- Przychodząc do Lechii, nie nastawiałam się na wyniki. Nie chciałam czuć tej presji, którą miałam w Medyku. Ona mnie męczyła. Przyszłam do Lechii, żeby gra w piłkę sprawiała mi przyjemność -  mówi w rozmowie z Lechia.net Weronika Szmatułą, 20 - letnia piłkarka Lechii Gdańsk

Mateusz Błażewicz (Lechia.net): Jak zaczęła się Twoja przygoda z piłką nożną?

Weronik Szmatuła: Tak jak w przypadku większości dziewczynek. Grałam z chłopakami na podwórku. Później trafiłam do drużyny chłopców w Opalenicy, którą trenował mój nauczyciel WFu. Po przeprowadzce do Grodziska Wielkopolskiego zapisałam się do GGS Grodzisk Wielkopolski do drużyny dziewcząt, gdzie grałam cztery lata. Stamtąd trafiłam do kadry województwa wielkopolskiego.

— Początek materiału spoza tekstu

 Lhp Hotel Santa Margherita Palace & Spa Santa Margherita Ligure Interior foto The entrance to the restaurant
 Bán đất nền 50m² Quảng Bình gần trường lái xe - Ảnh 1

A Skąd w ogóle pomysł na piłkę nożną? To wciąż mało popularna dyscyplina wśród dziewczynek?

Ogólnie rzecz biorąc za dzieciaka uprawiałam wszystkie możliwe dyscypliny. W szkole biegałam na różnych dystansach, grałam w koszykówkę, w końcu w piłkę. Po prostu, kiedy dziewczyny w moim wieku zaczynały się malować, ja wolałam uprawiać sport i jeździć na różne turnieje.

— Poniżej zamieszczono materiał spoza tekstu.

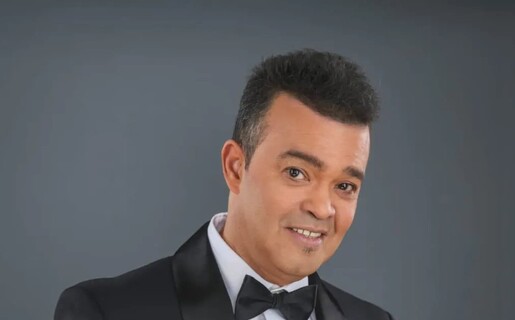 Alex Bueno: la voz que atraves&oacute; generaciones y dej&oacute; una huella en la m&uacute;sica dominicana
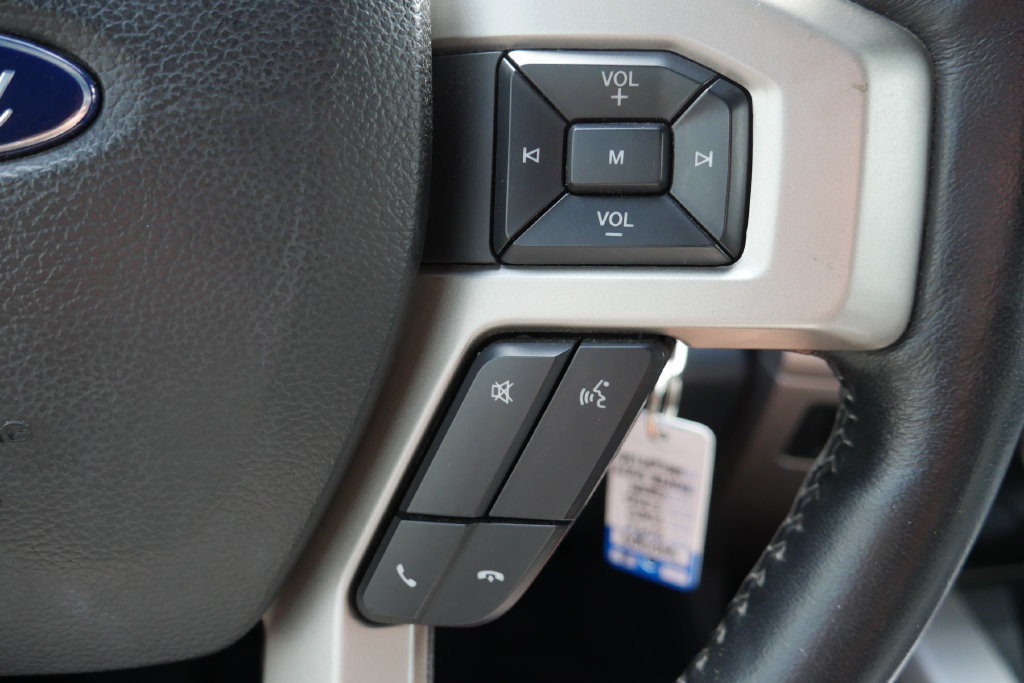 Used 2022 Ford F350 Lariat AWD/4WD image 16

Z Grodziska Wielkopolskiego trafiłaś do akademii najbardziej utytułowanego kobiecego klubu, Medyka Konin

Tak. Zaczęło się od tego, że zostałam powołana do kadry Wielkopolski, a tam zostałam zauważona przez trenerkę Medyka. Wówczas Medyk ściągał do siebie najlepsze nastolatki w Polsce. Zapewniał im bursę oraz możliwość uczenia się w szkole mistrzostwa sportowego.  Zapytali się, czy chciałabym rozwijać się w Koninie.  Chciałam grać w piłkę, więc w tamtym czasie była to dla mnie najlepsza opcja. I tak trafiłam do Medyka.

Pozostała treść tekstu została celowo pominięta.